- WHAT THIS TASK INVOLVES -
Retype every line from the one containing "ハーバシー ラボ(herbacie LABO)/美バストセラピー" through the last line of the records below, both included; leave out the pictures.

- GIVEN DATA -
● ● ● ●

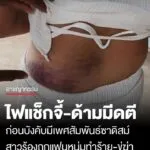 อดีตสาวแดนเซอร์-ร้องเพจดังเมืองบ้านดุง-ถูกแฟนหนุ่มที่เพิ่งรู้จักเพียง-2-เดือน-ทำร้ายร่างก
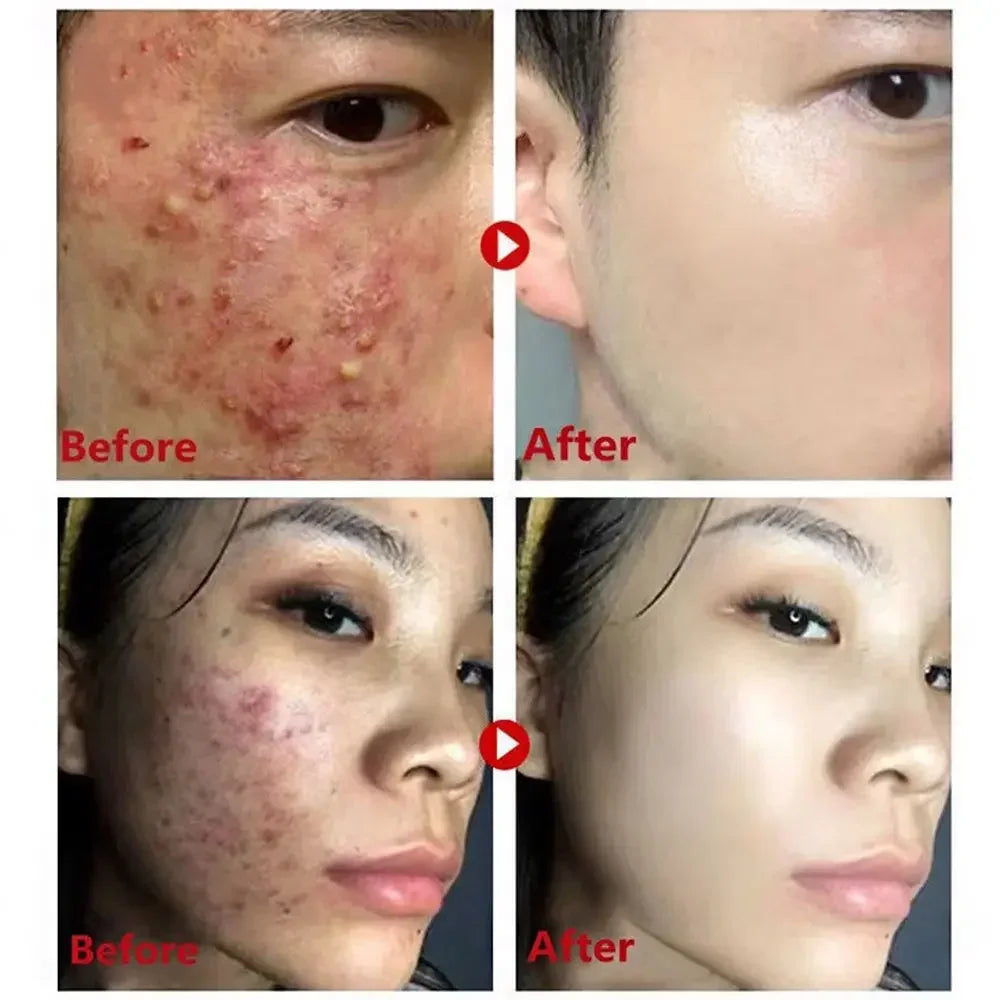 Green Tea Purifying Mask Stick - Deep Cleansing, Oil Control & Moisturizing.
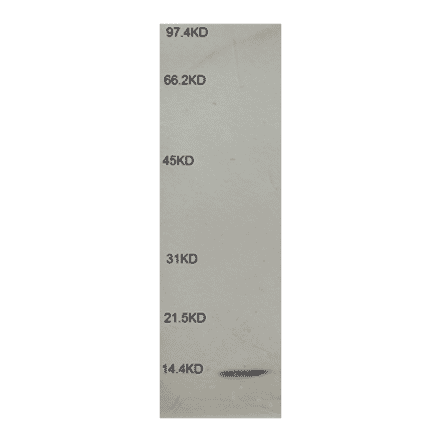 Western Blot - Anti-beta 2 Microglobulin Antibody (MO-M40021E) - Antibodies.com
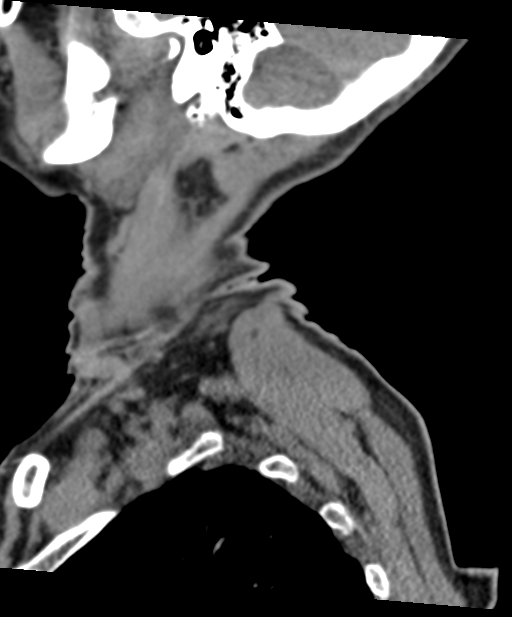 C2 fracture with vertebral artery dissection (Radiopaedia 37378-39199 D 72).png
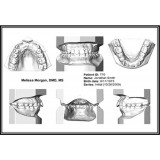 Программное обеспечение для стоматологических лабoраторий Ortho Insight 3D Full / Lite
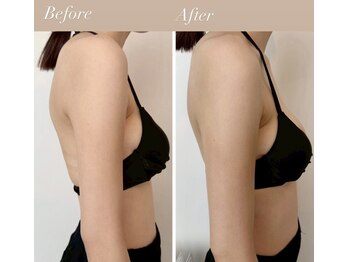 ハーバシー ラボ(herbacie LABO)/美バストセラピー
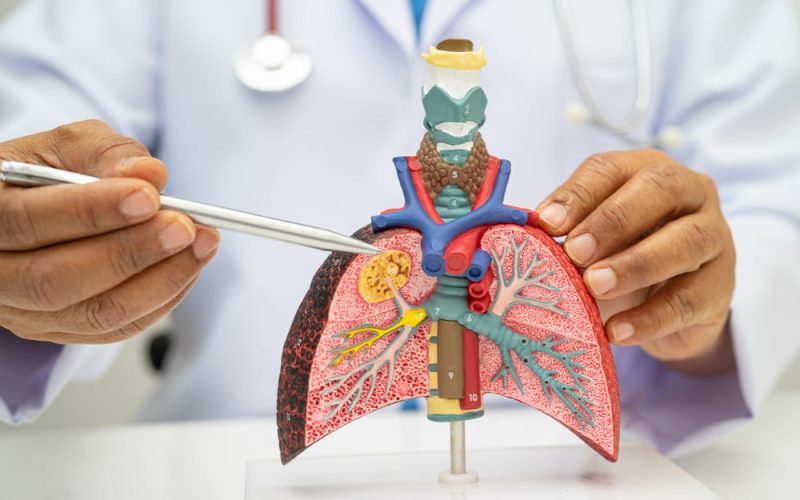 Guatemala incorpora nuevos servicios especializados para el cuidado de enfermedades respiratorias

● ● ● ●

- EXERCISE ANSWER -
 ハーバシー ラボ(herbacie LABO)/美バストセラピー
 Guatemala incorpora nuevos servicios especializados para el cuidado de enfermedades respiratorias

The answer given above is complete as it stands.